Fast forward, we are now submerged by data, virtual worlds are growing not just on the gaming scene; buildings can be fully erected virtually reducing building costs by solving problems virtually therefore avoiding them in real. We have social media too, virtual spaces where we can meet our contacts, friends and dates, wherever we are in the world as long as we have an internet connection. Companies like Google have mapped the planet which in turn allows us to virtually visit places where we might never go physically. Apps are helping us in practically all aspects of our lives. The potential seems limitless.

While the virtual is increasing its ability to replicate what’s real, there is an increasing growing gap between the people who have access to data and the people who don’t. In the real world, resources are depleting, population is growing in numbers, and with the challenges at hand of climate change, migration, access to food, energy and shelter, it looks like the real mission of the power within the data is to find a way not just to make the world a better place but to actually find a way to save it. Quite an elliptical shortcut.

Data is a piece of information, information is knowledge, knowledge is power, and with power comes responsibility. Here we go.

Let’s face it, we are in a situation where an individual can reshape the world by building a smart algorithm using Big Data from the comfort of their bedroom; in this same world it is possible for kids to make ridiculous amount of money by posting videos on YouTube that are watched by millions of viewers. How are we supposed to pass on traditional values of hard work, dedication and perseverance when children are witnessing overnight success stories? How do we convey the importance of altruism when fame is built on narcissism and number of viewers?

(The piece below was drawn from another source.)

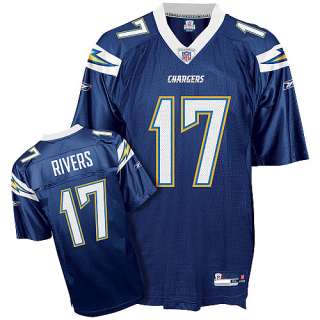 Philip Rivers Jersey   Rivers San Diego Chargers #17 Replica Reebok 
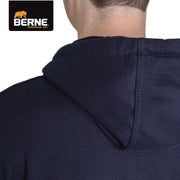 Berne Men's Heritage Thermal-Lined Full-Zip Hooded Sweatshirt, Charcoal, 3XL, Big & Tall, SZ101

One element of response might be the one thing that companies are looking for more desperately than data: Probity and integrity.

The smart algorithm economy is real, it is reshaping the way we learn, the way we work, the way we relate to each other; it is evolving extremely fast and brings a lot of uncertainty. However, its potential, if harnessed properly, could help solving some of the current very urgent issues that are energy demand, food production and climate change, just to cite a few. By allowing a true holistic approach to large problem solving, it will help people and companies to collaborate at all new levels, reducing the silo approach that has proven so many times unhelpful by bringing more new problems than the one it was supposed to solve in the first place.

A tomorrow where building conditions will be maintained by taking into account the DNA of its occupants and adapt according to the awareness of their perceptions, in other words when buildings will be in tune with their occupants as much as the occupants will be in tune with the building they work or live in, maybe farfetched today but possible when Big Data will be at that level.

The question that remains is: How much are we ready, individually, to give back instead of taking endlessly? My understanding at this point in time is: Probity in the probability of the data is probably the answer.